• [WHAT NEEDS TO BE DONE]:
Leaving pictures aside, restate exactly the lines of the data below, from the first one through the line that contains "In this tutorial, you".

Items from a dataset:
= = = =
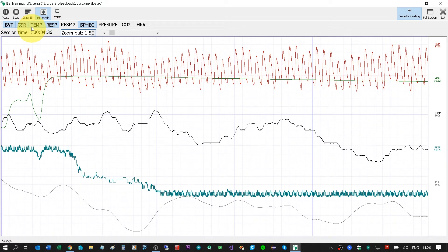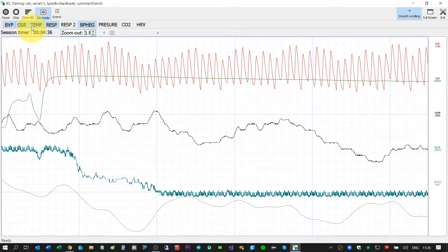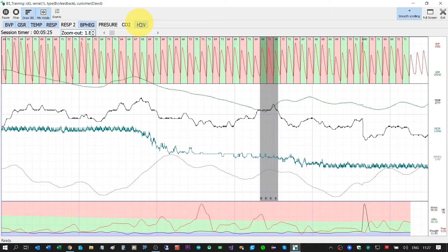Marking events can be done with any key on the keyboard. For example, I will click Events, then click the B button — you can see here the gray area indicating that I clicked the B key. I can also close and resume the training. To see the HRV, I will click here for four seconds and see the HRV display.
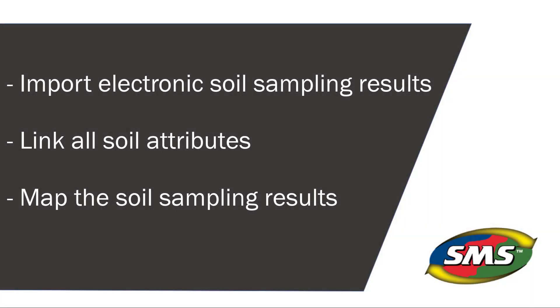In this tutorial, you will learn how to import electronic soil sampling results, link all appropriate soil attributes, and save the data to be included in maps and reports.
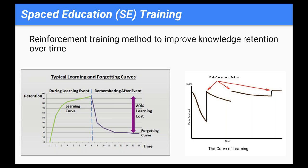The instructional design method we used for IVR training was based on the spaced education model, developed at Harvard University and proven in almost 20 randomized control trials. Essentially, at the end of a class or initial learning event, your knowledge retention is basically at 100%. Immediately after, your knowledge retention starts to drop, until around 30 days your retention will be at around 20%. What the spaced education or reinforcement training model attempts to do is introduce reinforcement training at spaced intervals that over time will keep your knowledge retention at a higher level.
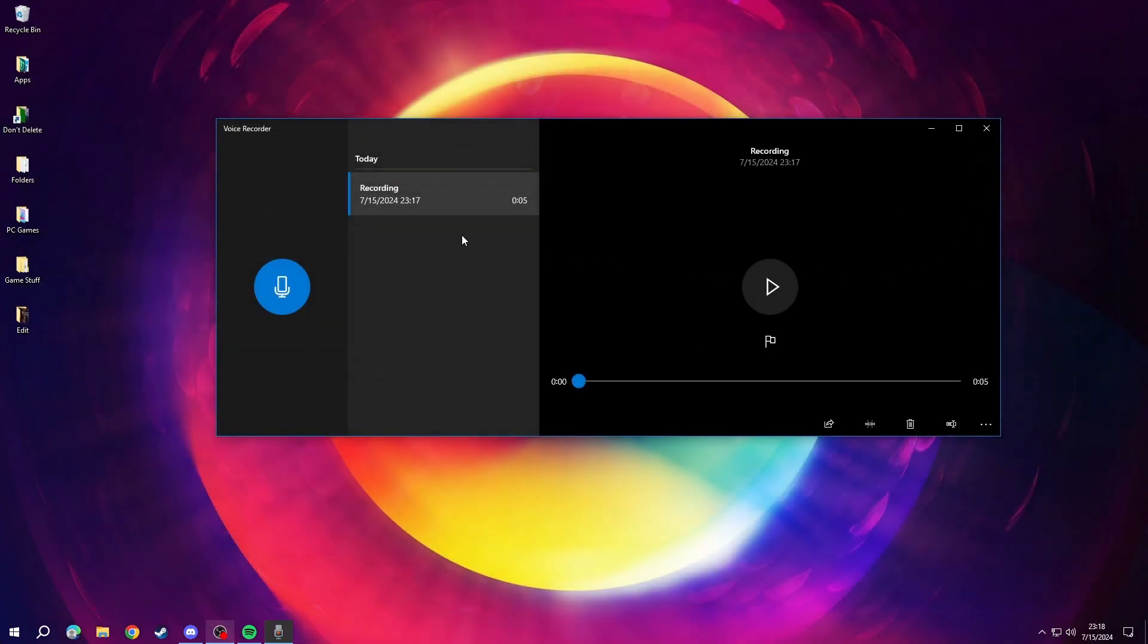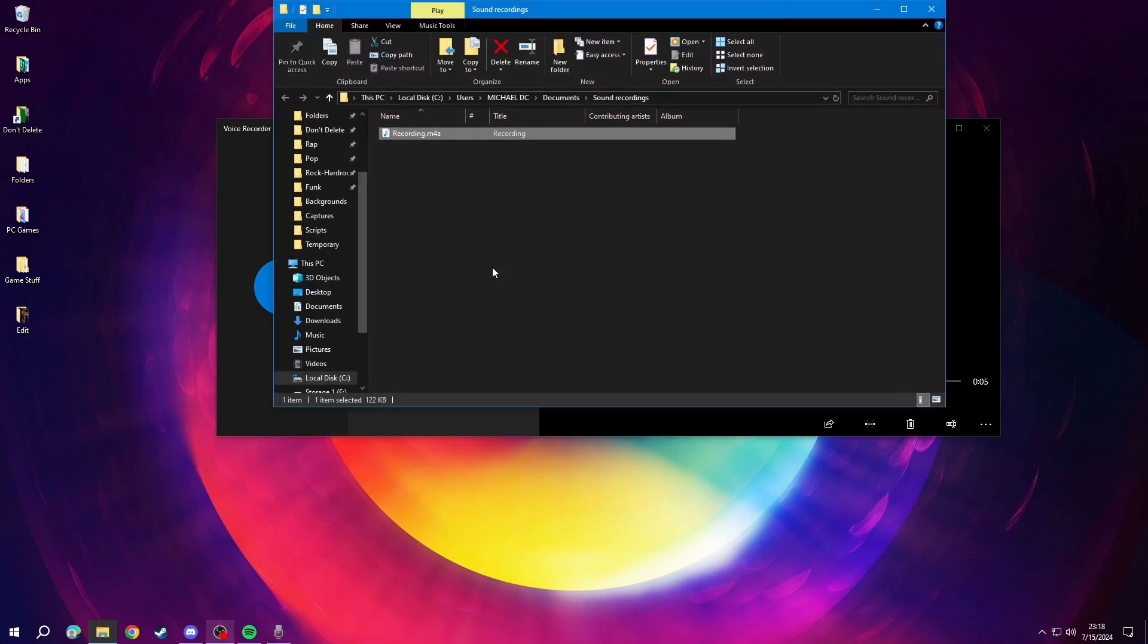Once you're done recording your audio, right click on your recording, click open file location. This will open Windows File Explorer with your file selected.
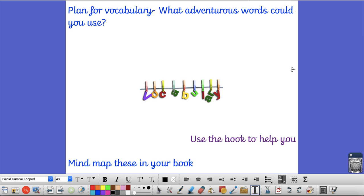Remember, you are only planning, you are not writing today. I hope that helps you. If you get stuck, please do email me or Miss Looms and we will help you.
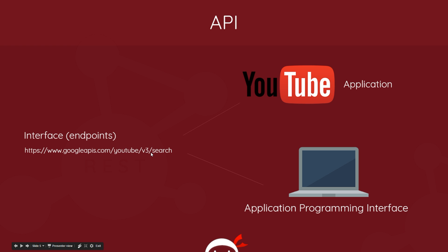Well, YouTube provides us with an interface so we can interact with it. And this interface, instead of being buttons on a remote control, would be a series of endpoints. Such an endpoint could look something like this to search for a particular video. So if we want to find some videos from the YouTube application, we're going to use these endpoints from our code.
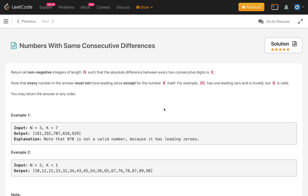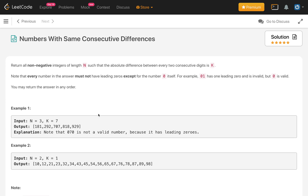Welcome to my channel. Let's solve the problem 'Numbers with Same Consecutive Difference.' In this problem, N represents the number of digits in our number, and K represents that every pair of consecutive digits should have absolute difference K. The number should not contain any leading zero. For N=3 and K=7, there are five valid numbers — for example, 181, 818, 292, 927, 707 — but 070 is invalid because it has a leading zero.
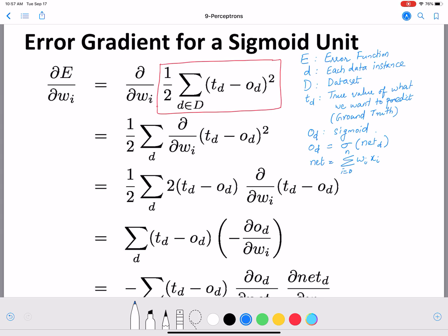To compute the error gradient we want to compute the partial derivative of the error function with respect to wi. This procedure is similar to what we used for perceptrons — we are just going to repeat it. The only difference is that od is coming from a sigmoid, so we will get a different final value, but the procedure is very similar.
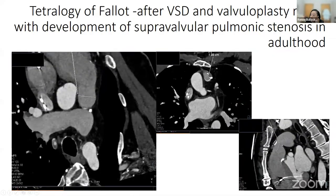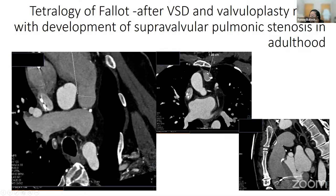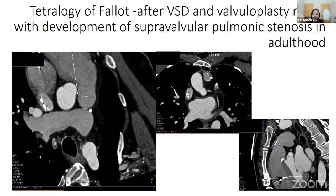Here is another tetralogy of Fallot patient who developed supravalvular stenosis — very tight stenosis as seen in the cross-sectional views. This patient presented with syncope and had to be referred for placement of a pulmonary valve conduit to relieve the stenosis.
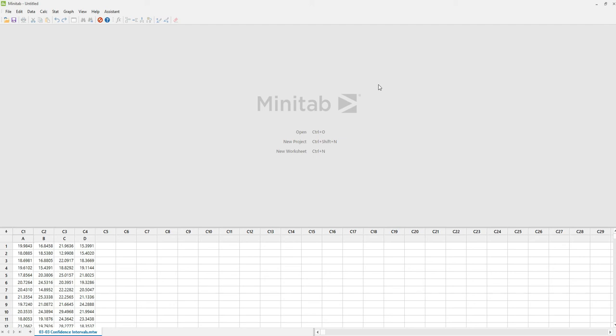Hi, this is Sir Bren, and I want to show you in this video how to do confidence interval plots and graphical summary in Minitab.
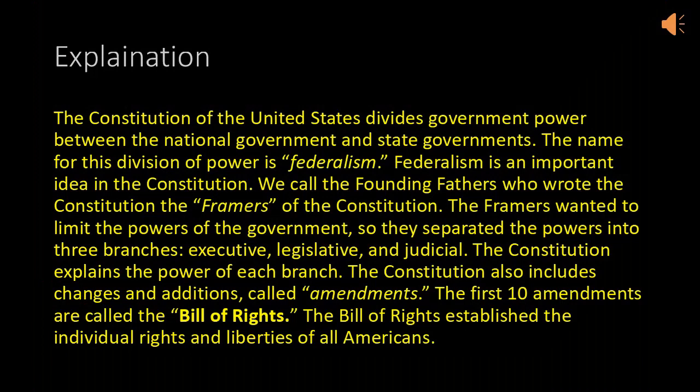The Constitution of the United States divides government power between the national government and state governments. The name for this division of power is federalism. Federalism is an important idea in the Constitution.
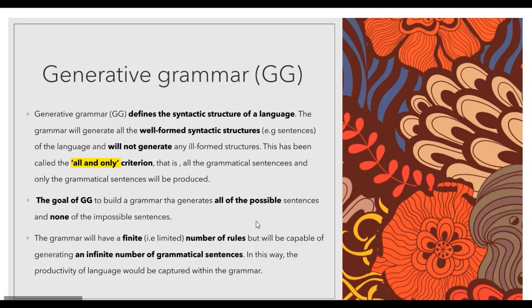The goal of generative grammar is to build a grammar that generates all of the possible sentences and none of the impossible sentences. The grammar will have a finite, limited number of rules but will be capable of generating an infinite number of grammatical sentences. In this way, the productivity of language will be captured within the grammar.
= = = =
• [RESPONSE TO THIS EXERCISE]:
Marking events can be done with any key on the keyboard. For example, I will click Events, then click the B button — you can see here the gray area indicating that I clicked the B key. I can also close and resume the training. To see the HRV, I will click here for four seconds and see the HRV display.
In this tutorial, you will learn how to import electronic soil sampling results, link all appropriate soil attributes, and save the data to be included in maps and reports.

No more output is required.